GSPM’s Todd Belt analyzes the 20 candidates’ display of policy and personality on the crowded debate stage.

Todd Belt
Todd Belt, Graduate School of Political Management professor and program director, spoke with GW Today about the first Democratic presidential debate. (Photo courtesy of GSPM).
July 01, 2019

By Tatyana Hopkins

The first Democratic debates of the 2020 presidential election season took place over two days last week. Twenty candidates were divided evenly to take the stage Wednesday and Thursday, sparring on policy issues related to health care, immigration and civil rights.

Todd Belt, Graduate School of Political Management professor and program director, shared his thoughts with GW Today, as the Democratic National Committee plans its second set of debates set to be held July 30 and 31 in Detroit.

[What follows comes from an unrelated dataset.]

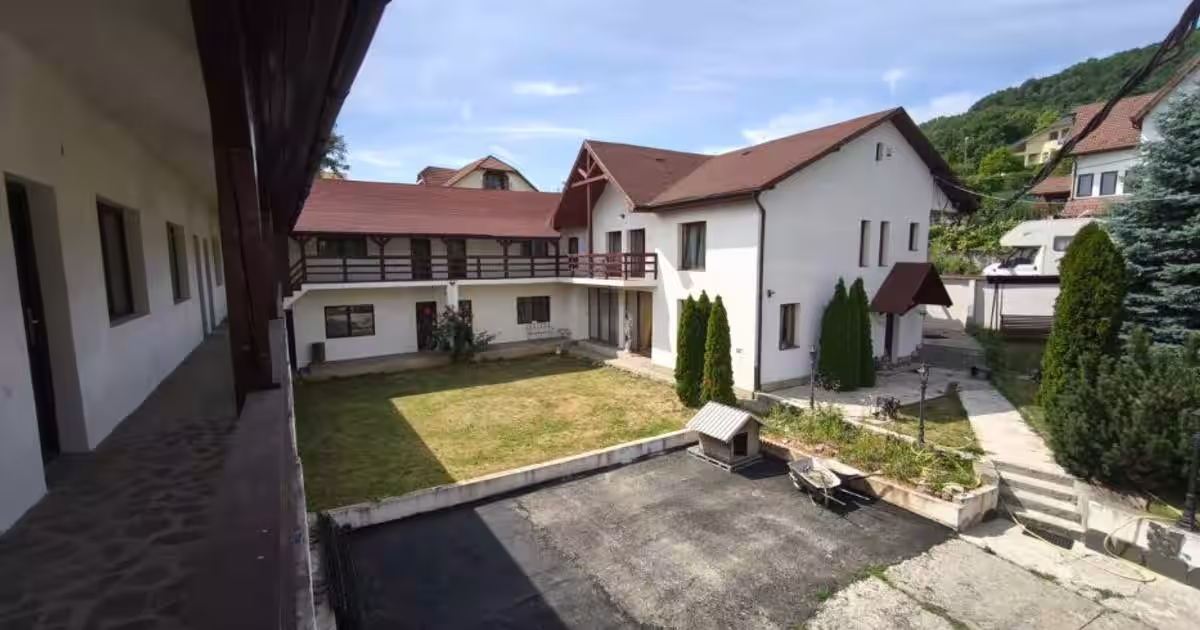 Proprietate cu 20 de camere și 11 ari de teren lângă Stadionul Baia Mare –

Q: Who were the winners of each round? 

A: The first night was split among Sen. Elizabeth Warren (Mass.), former Housing Secretary Julian Castro, and Sen. Cory Booker (N.J.). Ms. Warren was the highest-polling candidate on the stage and had the most to lose, but she performed very well. She was given ample time to explain her policy ideas, and she took advantage of it. Mr. Castro distinguished himself as a sort of elder statesman in his approach and really burnished his immigration policy chops. Mr. Booker’s answers were strong and authoritative, and he made the most of his chances to show empathy for voters undergoing social and economic struggles. 

The rest of field that night failed to distinguish themselves and will have a lot of work to do to qualify for the upcoming debates. Former Rep. Beto O’Rourke (Texas) was particularly underwhelming, but he has the fundraising ability to make it to the next round of debates. 

The clear victor on the second night was Sen. Kamala Harris (Calif.). Although she started with a cheap applause line (that she would rescind the Trump tax cuts on day one – she can’t and she knows that), she built momentum throughout the debate, peaking with her criticism of former Vice President Joe Biden’s comments of his working with segregationist senators. Mr. Biden should have anticipated the critique, but he did not. Worse yet, his answer invoking the primacy of local control only served to remind viewers of how Jim Crow laws were institutionalized. Ms. Harris’s comment, “That little girl was me,” on busing was the most memorable moment of either debate. It is no wonder her fundraising skyrocketed after the debates, as did attacks from Republicans. 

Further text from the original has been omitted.